Dynamically Augmented CVaR for MDPs
Eugene A. Feinberg, Rui Ding
TL;DR
The paper tackles risk-averse optimization in finite MDPs by introducing Dynamically Augmented CVaR (DCVaR), a time-consistent lower bound to static CVaR implemented via a Dynamically augmented Robust MDP (DRMDP). It defines DCVaR through a dynamic game against Nature, establishes a transformed DRMDP (DRMDP1) with concave-in-$y$ value functions, and presents Algorithm DCVaR that constructs nonrandomized policies minimizing DCVaR for finite and infinite horizons. The core theoretical contribution is linking DCVaR minimization to a mass-transfer problem, proving the algorithm’s correctness, and detailing the structural properties of the value functions and action sets that enable efficient computation. An extension to stochastic costs via state augmentation demonstrates the framework’s generality and applicability to more realistic risk-sensitive settings.
Abstract
This paper studies optimization of Conditional Value-at-Risk (CVaR) for Markov Decision Processes (MDPs) with finite state and action sets. It introduces the Dynamically augmented CVaR (DCVaR) risk measure and provides an algorithm for its optimization. This paper investigates a specially defined Robust MDP (RMDP), in which the state space is augmented with the tail risk level.

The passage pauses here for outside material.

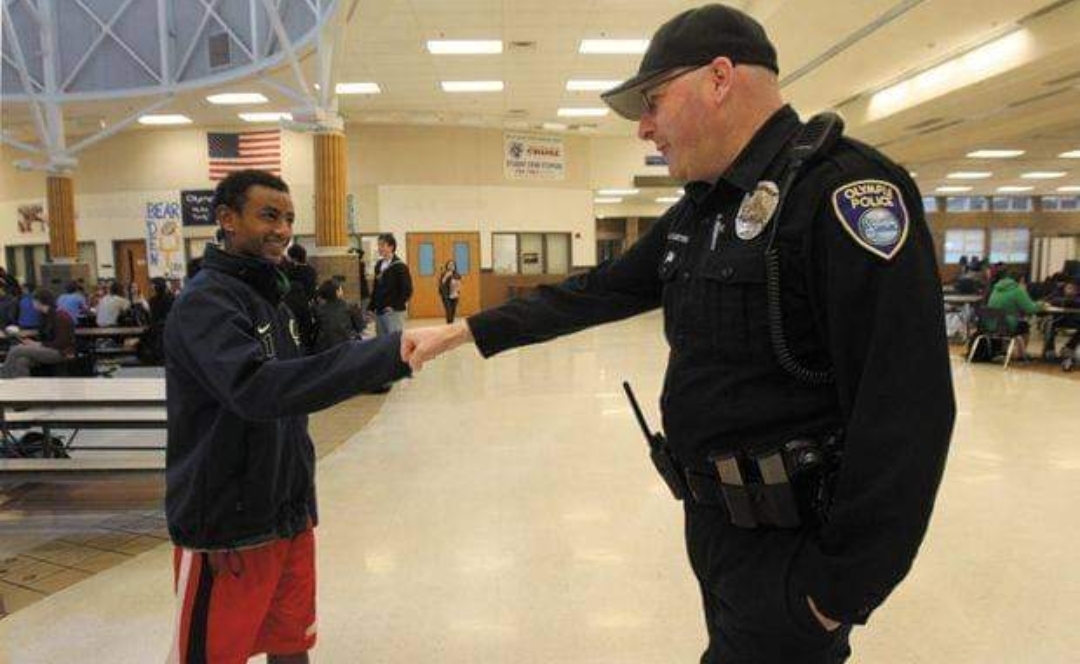 Former+School+Resource+Officer+Doug+Curtright+shakes+hands+with+an+OHS+student.+Photo+courtesy+of+Keep+a+School+Resource+Officer+at+OHS+on+Facebook.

This RMDP, which we call the Dynamically augmented RMDP (DRMDP), was introduced to the literature for calculations of optimal CVaR values by value iteration more than ten years ago, but, as was understood later, these value iterations compute lower bounds of minimal static CVaRs. DCVaR is defined as a time consistent version of the static CVaR, and it is a lower bound of the static CVaR. It also can be considered as a dynamic version of the nested CVaR. This paper provides an algorithm constructing a policy optimizing DCVaR of total discounted costs. The correctness of this algorithm is proved by studying a special mass transfer problem. The results on RMDPs needed for this paper are provided in the appendix.